Il centro del libro sono le Descrizioni in atto, che rappresentano una svolta rispetto al neorealismo che caratterizza Dopo Campoformio. Possiamo dire (almeno è il giudizio di chi scrive), che con questo testo Roversi supera il neorealismo (cosa che era necessario fare) in modo molto più alto e più incisivo di quanto non sia riuscito a fare il Gruppo ’63. Si tratta di un testo rapsodico che raduna e capta tutti gli echi e i rumori della società italiana; a me personalmente il suo ritmo ha fatto pensare alla Rapsodia in blu. Poesia in cui è difficile stabilire lo stretto confine tra ironia e visionarietà, una visionarietà ironica e beffarda, e, come sottolinea Moliterni, antilirica e non antiletteraria, in cui la poesia civile si tinge di motivi e di atteggiamenti che ricordano le avanguardie classiche molto più che le troppo facili reiterazioni delle neoavanguardie. Una passione che fa della freddezza e dell’impersonalità lo strumento per raggiungere il calore massimo, mostrandoci l’agghiacciante realtà di una tragedia. Una poesia non lineare, che sfugge da tutte le parti. Un elenco di eventi freddo come una lista della spesa, anche perché, come leggiamo ne Il Libro Paradiso, “il cuore è un muscolo”. Ed anche perché, come ha notato Massimo Raffaeli, “Per entrare in quel gorgo di violenza storica e politica lo sguardo del poeta ha bisogno di ritrarsi o meglio, paradossalmente, di entrarvi al solo scopo di straniarsene”.

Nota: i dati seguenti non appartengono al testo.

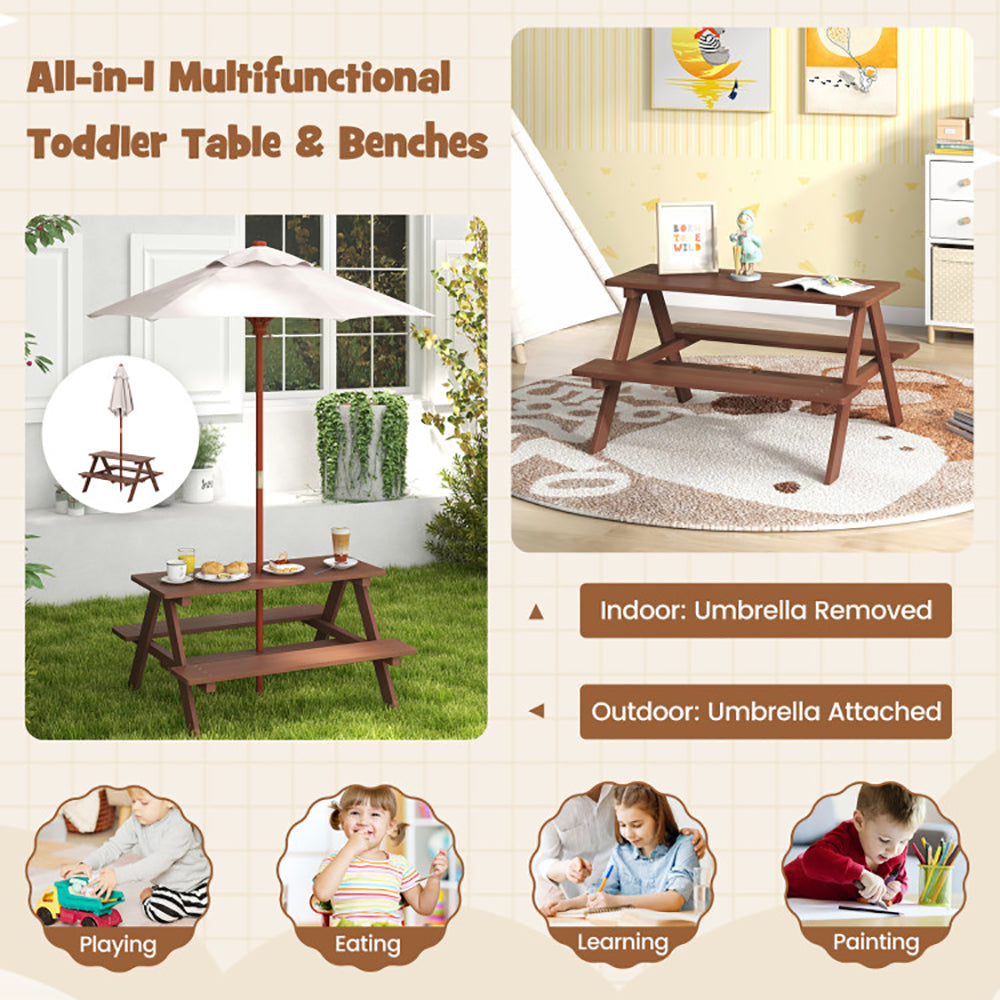 Kids Outdoor Picnic Table & Bench Set with Removable Sun Umbrella | Seats 4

Roversi è quindi uno straordinario descrittore della realtà contemporanea. Una descrizione in cui il dolore, la commozione non sono enunciati, ma parlano da soli, vengono espressi da una serie di voci che ci colpiscono. E in cui sperimentalismo e realismo hanno trovato una sintesi che fa pensare alle vecchie avanguardie. Negli ultimi anni della sua vita Roversi ha lavorato a una gigantesca opera, L’Italia sepolta sotto la neve, che ha pubblicato a pezzi, man mano che la scriveva, su riviste anche molto piccole e a volte di scarsa tiratura, dimostrandosi fedele alla sua tendenza alla marginalità. Marginalità che non gli impedisce di avere un ruolo centrale. Si tratta di un’opera che aspetta ancora un editore. Roversi mi disse per telefono di averne stampate 32 copie; ci fu poi una ristampa di 20 copie, della quale, come testimonianza di una lunga frequentazione e di una grande sintonia, ho la fortuna di possedere un esemplare. E’ un immenso affresco che divaga in tutti gli aspetti dell’Italia contemporanea. Un’opera civile e visionaria insieme, che non interpreta ma mostra. Forse l’opera più complessa, appassionata, totalizzante dell’Italia contemporanea, un’opera sterminata. E nello stesso tempo un libro in cui il linguaggio dilaga implode a volte impazzisce. Un’opera in cui si sprofonda, un po’ come succede a chi legge i Canti pisani. Un libro civile come lo fu la Divina Commedia.